Em seu Trabalho de Conclusão de Curso (TCC) Tuani de Cristo abordou as relações entre lideranças Guarani e Jesuítas no século 17 na Província do Tape – frente missionária que correspondia a uma área de dominação espanhola que estava ao encargo da Companhia de Jesus, no século XVII. A Província do Tape correspondia aos territórios dos rios Ibicuí, Jacuí e Pardo, que atualmente estão em jurisdição do Rio Grande do Sul. No território do Vale do Taquari, que fazia parte da Província vizinha do Ibiaçá, não houve o estabelecimento de reduções jesuíticas, mas sim incursões dos missionários por estes territórios, registrando o nome de algumas lideranças Guarani destes locais. 

Em 1635 os coletivos Guarani foram convidados a integrar as reduções jesuíticas próximas ao rio Jacuí. Dentre os caciques citados na documentação, estão os caciques Naee cujos territórios estavam situados à margem esquerda do rio Taquari; o cacique Ibiraparobi que as pesquisas indicam que teria sido uma liderança dos territórios próximos ao rio Guaporé; também havia nas proximidades do rio das Antas, uma liderança chamada de Parapopi. “As negociações oscilavam conforme as situações vivenciadas e conforme os interesses dos Guarani.
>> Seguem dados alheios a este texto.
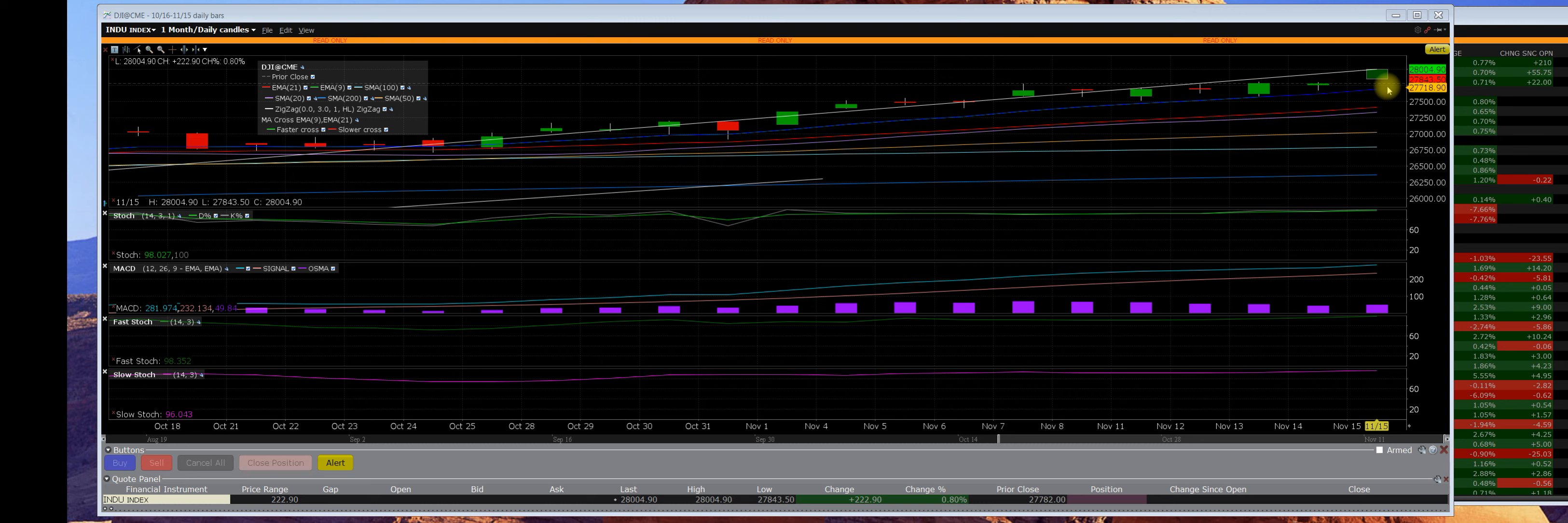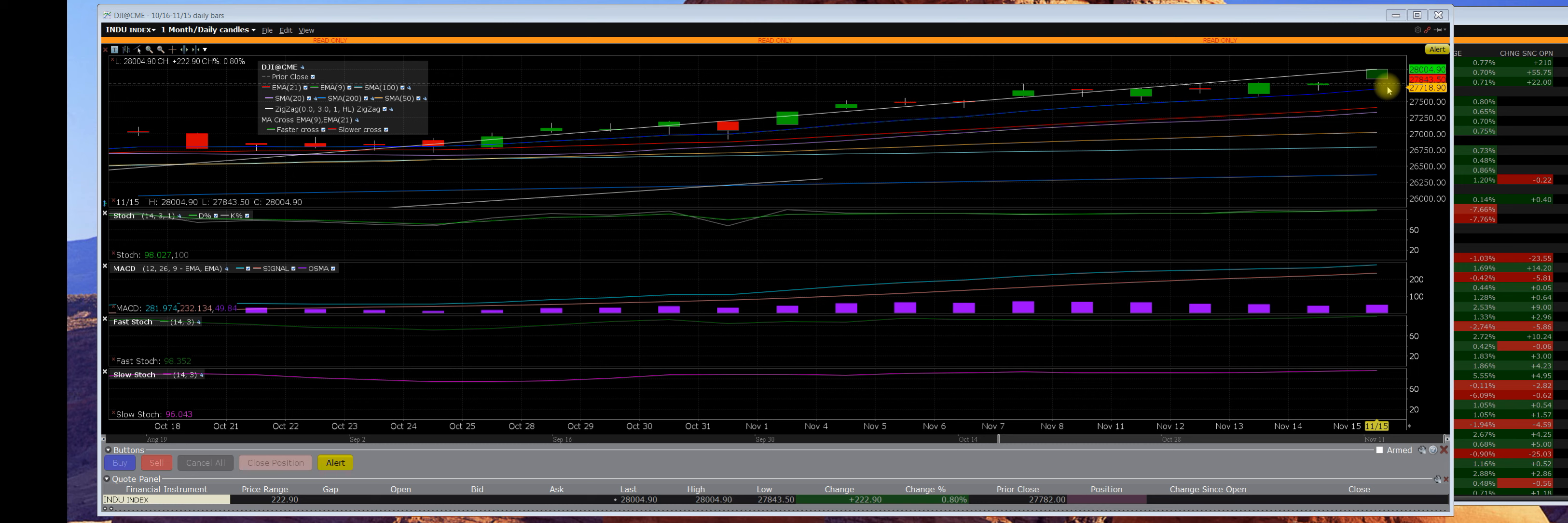I'll just let you know right now up front that we are overbought. The algorithms in the exchanges themselves, the machines, have been just pumping and pumping these indexes up. The news is not as great as what people are led to believe. Earnings season was so-so, nothing great. They had brought their estimates down.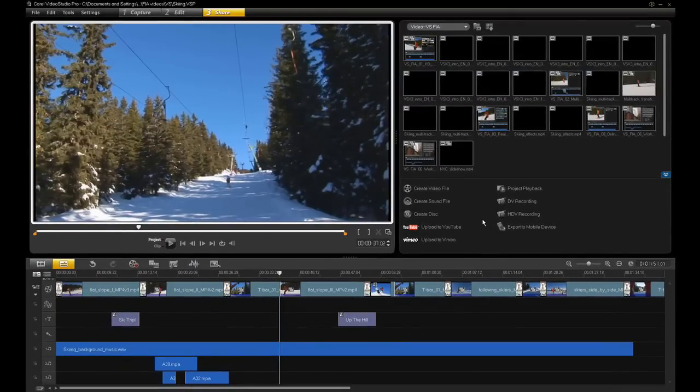To try out VideoStudio Pro X3 for yourself, go to Corel.com and download the trial version.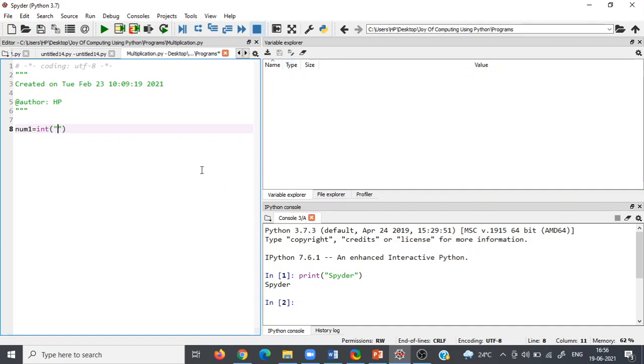After that, use the input command and write there 'enter a number.'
A partir dessa documentação, é possível concluir que os Guarani atuaram como sujeitos históricos”, explica Tuani. 

O legado indígena

“Os indígenas fazem parte da sociedade brasileira não somente no passado, mas também na atualidade. Suas marcas, embora presentes, na maioria das vezes, não recebem seu devido reconhecimento e crédito, a exemplo de dois símbolos da identidade gaúcha, como é o caso do chimarrão e do churrasco, práticas, respectivamente típicas, dos indígenas Guarani e dos indígenas Charrua e Minuano”, afirma o professor doutor do Programa de Pós-Graduação em Ambiente e Desenvolvimento e do Curso de Graduação em História Luís Fernando da Silva Laroque.
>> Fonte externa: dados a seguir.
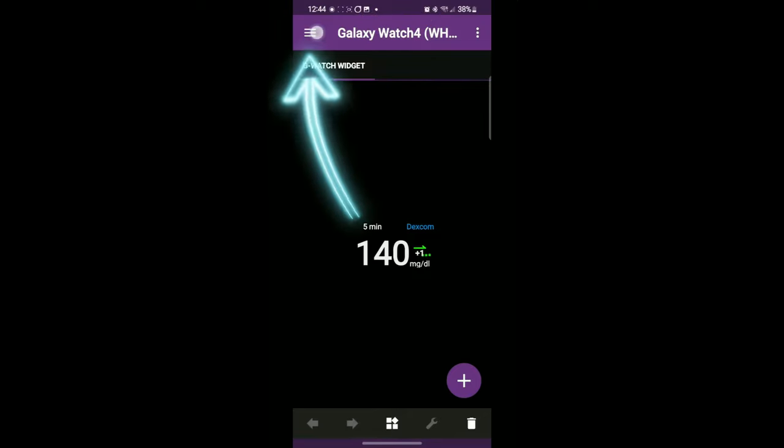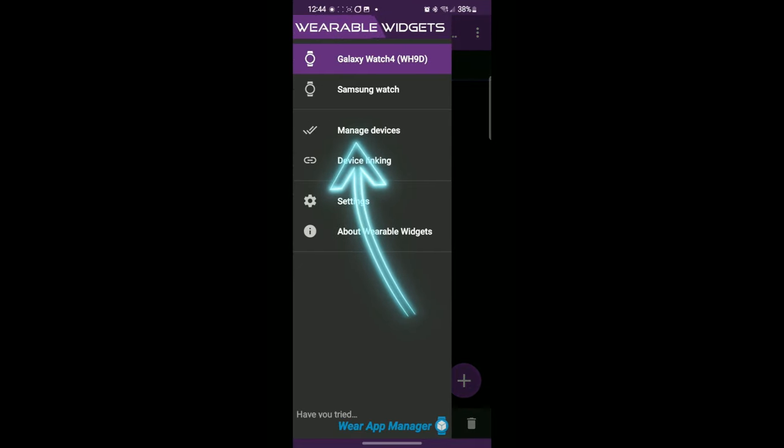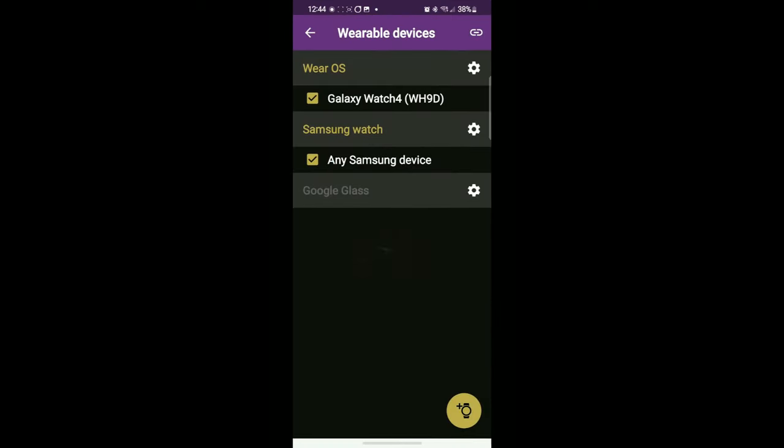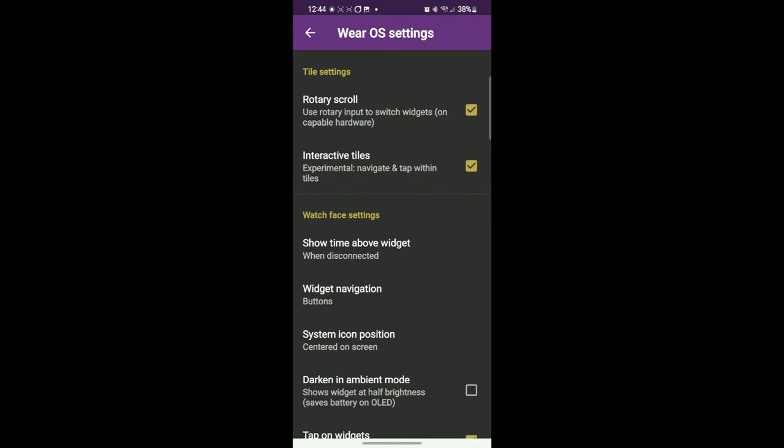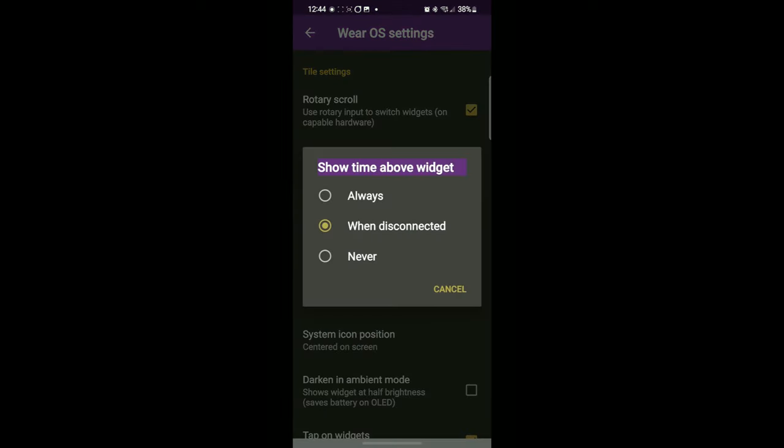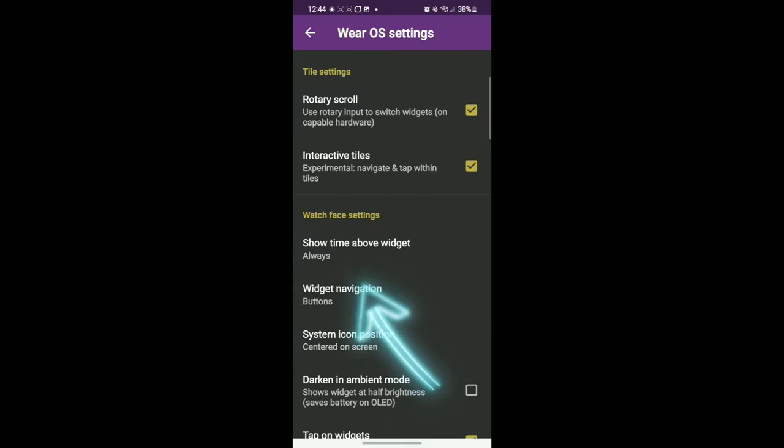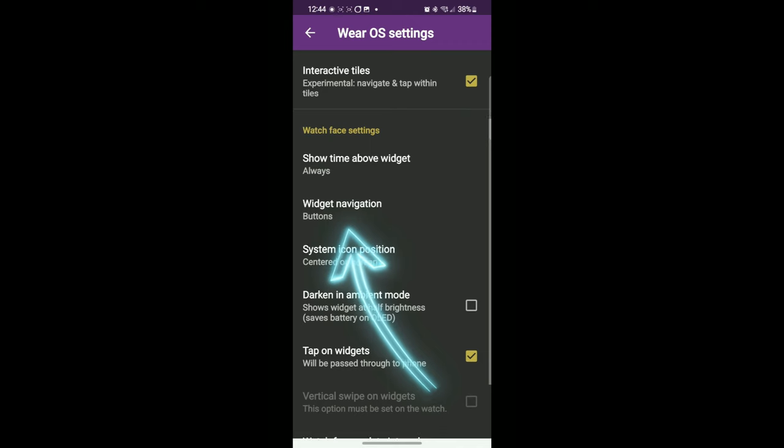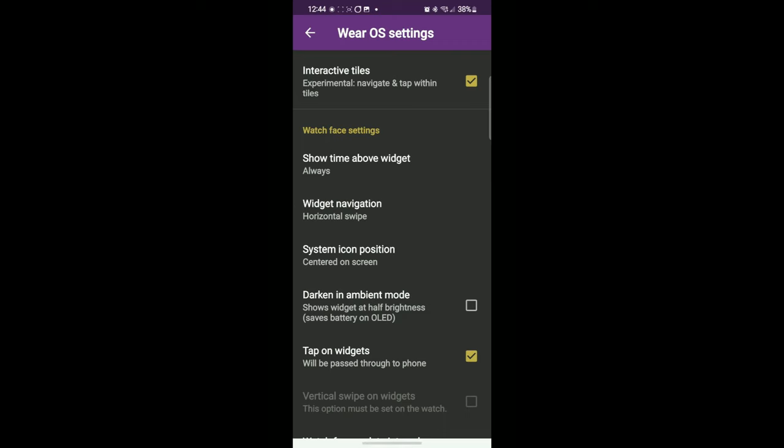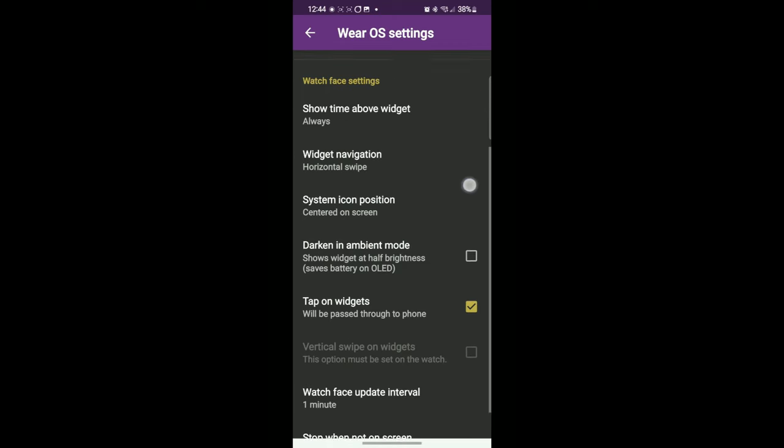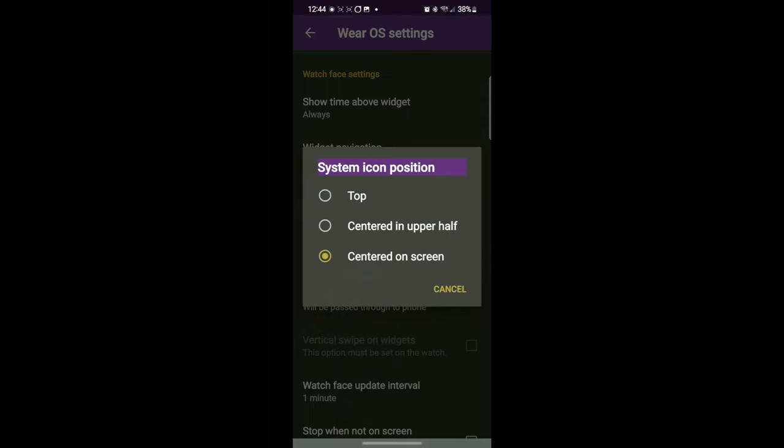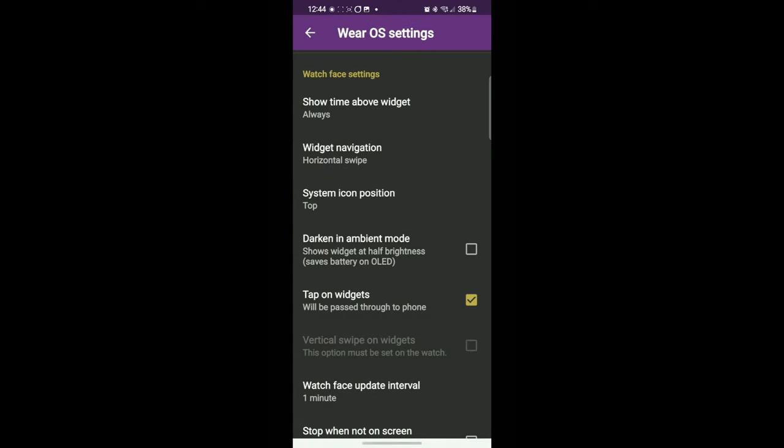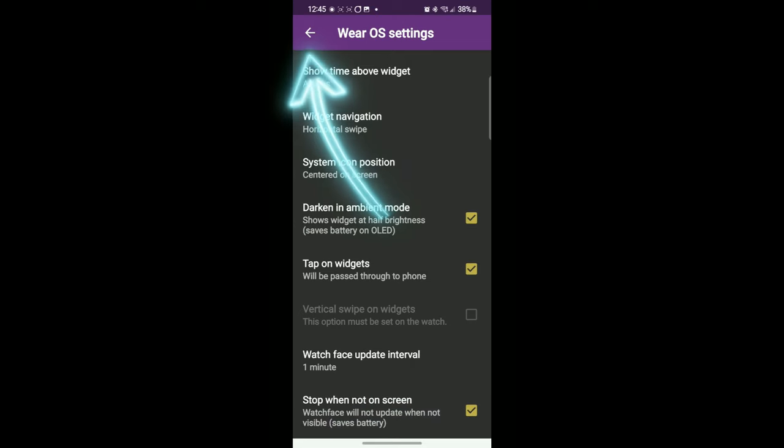So what you need to do now is configure it a little bit further. Go to manage devices. Now you'll see a Wear OS option up there. It wasn't there before even though it didn't even work, it's there. So now what I want to do is hit the rotary scroll. Interactive tiles. Show the time above the widget. I always want to see the time. There it is. And widget navigation horizontal swipe. I like using the swipe, not the buttons. System icon position, centered on screen. You can also do at the top. These are just kind of what's going to work best for you. Darken in ambient mode, that's another save your battery option. And then all the way down to the bottom, stop when not on screen. That's another save the battery option. So we're going back now. Back to refresh and that should update everything. And you're all done.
Conforme o professor, censos oficiais das últimas décadas no Brasil, revelam mais 240 etnias indígenas distintas e também mais 180 línguas indígenas. Isso indica que há um expressivo e atual contingente populacional com histórias e saberes, mas que por séculos tiveram suas vozes silenciadas. Além do mais, existem legislações sobre a obrigatoriedade de contemplar a temática indígena em currículos da educação básica e superior. “É de fundamental relevância pesquisar a temática, tendo em vista que os indígenas também fazem parte da ancestralidade de nossa região”, afirma.